#Import data
Countries<- read.csv("https://tkelleman.github.io/tkweb/Week5/countries_total.csv")
Income<-read.csv("https://tkelleman.github.io/tkweb/Week5/income_per_person.csv")
LifeExp<-read.csv("https://tkelleman.github.io/tkweb/Week5/life_expectancy_years.csv")
Population<-read.csv("https://tkelleman.github.io/tkweb/Week5/population_total.csv")

## A - Reshape data set: Income Per Person to make a longitudinal data such that the resulting data set has three columns: country, year, and income.
IncomeEdit <- Income %>%
  gather(key = "Year", value = "Income", - geo, na.rm=TRUE)
names(IncomeEdit)[1] <- "Country"

## B - Do the same for Life Expectancy in Years so that the resulting data set has three columns: country, year, and life expectancy.
LifeExpEdit <- LifeExp %>%
  gather(key = "Year", value = "LifeExpectancy", - geo, na.rm=TRUE)
names(LifeExpEdit)[1] <- "Country"

## C -  Merge/join the above two longitudinal data sets to make a new data set, under name LifeExpIncom that has variables: country, year, lifeExp, and income.
LifeExpIncom <- merge(IncomeEdit, LifeExpEdit, by = c("Country", "Year"))

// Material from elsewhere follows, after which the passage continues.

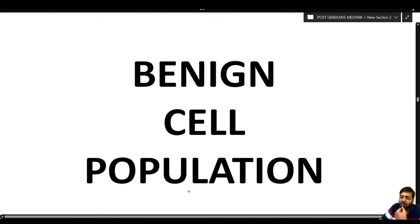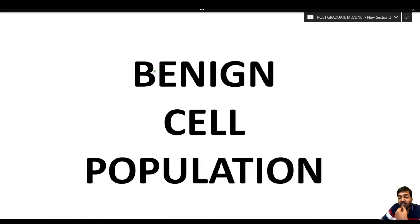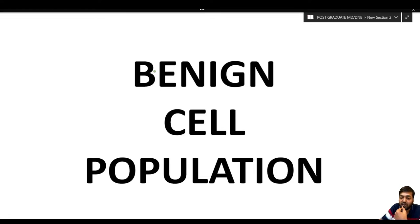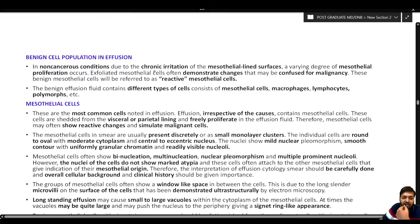Now we begin with the benign cell population. It is very important to understand the normal benign cell population seen in fluid, because 90–95% of the time, the fluid received will be reported as benign without malignancy. Failing to understand this population leads to over-interpretation and mistakes in diagnosis.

## D - Merge LifeExpIncom with country region so that the final data set has information about income, life expectancy, and country region.
LifeIncomCount <-merge(LifeExpIncom, Countries, by.x = "Country", by.y = "name", all.x = TRUE)

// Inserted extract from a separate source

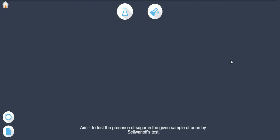Aim: To test the presence of sugar in the given sample of urine by Seliwanoff's test.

## E -  Merge the previous resulting data set with population size so that the final data set has information about income, life expectancy, population size, and country region.
PopulationEdit <- Population %>%
  gather(key = "Year", value = "Population", - geo, na.rm=TRUE)
names(PopulationEdit)[1] <- "Country"

FinalData <- merge(LifeIncomCount, PopulationEdit, by = c("Country", "Year"))
FinalData <- subset(FinalData, select = -c(alpha.2, alpha.3, country.code, iso_3166.2, sub.region, region.code, sub.region.code, intermediate.region.code, intermediate.region))
FinalData$Year<-gsub("X","", as.character(FinalData$Year))

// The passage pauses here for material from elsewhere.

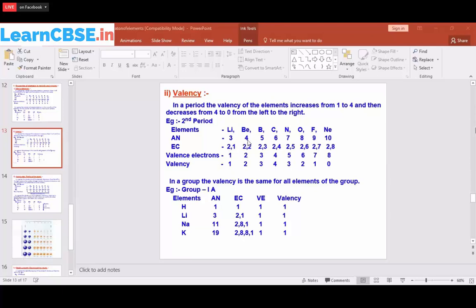Beryllium has 4 electrons: 2 in the first shell, 2 in the second shell. Boron has 5 electrons: 2 in the first shell, 3 in the second shell. Carbon has 6: 2 in first, 4 in second. Nitrogen has 7: 2 in first, 5 in second. Oxygen has 8: 2 in first, 6 in second. Fluorine has 9: 2 in first, 7 in second. Neon has 10: 2 in first, 8 in second. The maximum occupancy of the second shell is eight.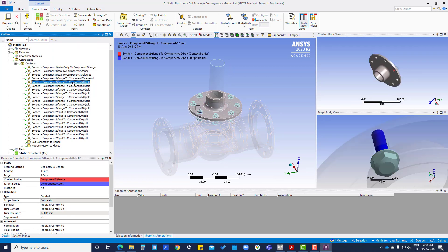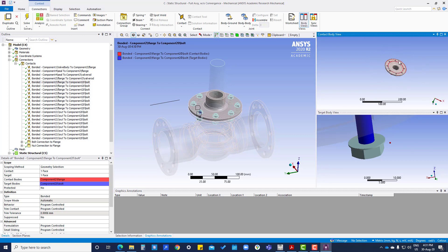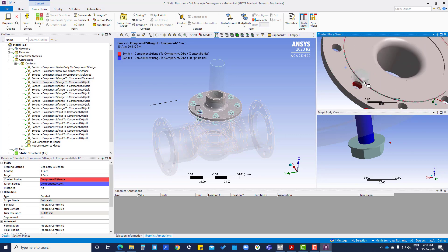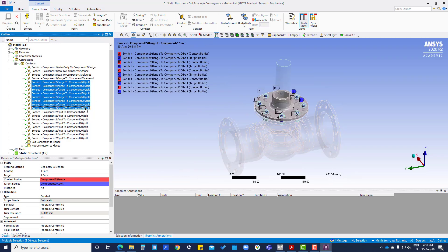Coming back to the Component 2 flange to component bolt connection - this surface will be in connection with this surface. There will be a little bit of tolerance; if you see at the bottom, that is 0.90006 mm. We are going to create one more group - total bolts are 8.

#write.csv(FinalData, "FinalData.csv")

## 3 Create a subset of the above resulting longitudinal data set that contains only the data of the year 2000/font> - name it 2000data.
Y2000data<-filter(FinalData, Year==2000)

#Y2000data contains 187 observations of 6 variables
#FinalData contains 40,437 observations of 6 variables


Each of the four data sets CSV files (countries_total, income_per_person, life_expectancy_years, and population_total) were imported into R for data preparation. Exact steps of the data preparation are documented in the comments in the code above, press “show” button. income_per_person and life_expectancy_years were reshaped from latitudinal to longitudinal to only include the columns: “country”, “year”, and “life expectancy” and merged into one data set. This data set was then merged into a “FinalData” dataset that included countries_total and population_total formatted to only include information about income, life expectancy, population size, and country region.

Y2015data<-filter(FinalData, Year==2015)
#Y2015data<-formatC(Y2015data$Population, format = "d", big.mark = ",")
plot2015<-plot_ly(
      data = Y2015data,
      x=~Income, 
      y=~LifeExpectancy, 
      alpha = 0.8,
      size = ~Population, 
      color = ~Country,
      width = 2,
      frame = ~Year,
      text = ~paste("Country:", Country,
                    "<br>Life Expectancy:", LifeExpectancy,
                    "<br>Population:", Population),
      hoverinfo = "text",
      type = "scatter",
      mode = "markers"
)%>%
layout(
  title =list(text = "Interactive Plot of Life Expectancy by Income in 2015", 
                  font = list(family = "Times New Roman",
                                size = 18,
                               color = "black"))
  )
plot2015


Figure 1: Interactive Plot of Life Expectancy by Income in 2015

This interactive plot shows the relationship between life expectancy and income in the year 2015 in the merged data set. The population of each country is represented by the diameter of the points plotted and the color of the point represents the country. As shown in this figure, countries in the regions of Americas and Europe have a higher life expectancy than most countries in the Africa region, with a few outlier data points. As each point is selected, the country, life expectancy, and population is displayed.

### Full Data Set
cols1 = c("#332288","#117733","#44AA99","#88CCEE","#DDCC77","#CC6677")
AllDataPlot<-ggplot(FinalData, aes(x=Income, 
                      y=LifeExpectancy, 
                      size = Population, 
                      color = region)) +
  geom_point(aes(size=Population, ids = Country),
            show.legend = TRUE,
            alpha = 0.8)+
            scale_color_manual(values = cols1)+
    labs(title = 'Plot of Life Expectency by Income at Year: {closest_state}',
       x = 'Income',
       y = 'Life Expectancy',
       fill =  'Region')+
    transition_states(Year) +
    ease_aes('linear')

animate(AllDataPlot, renderer = gifski_renderer(), rewind = FALSE, nframes = 300, fps = 10)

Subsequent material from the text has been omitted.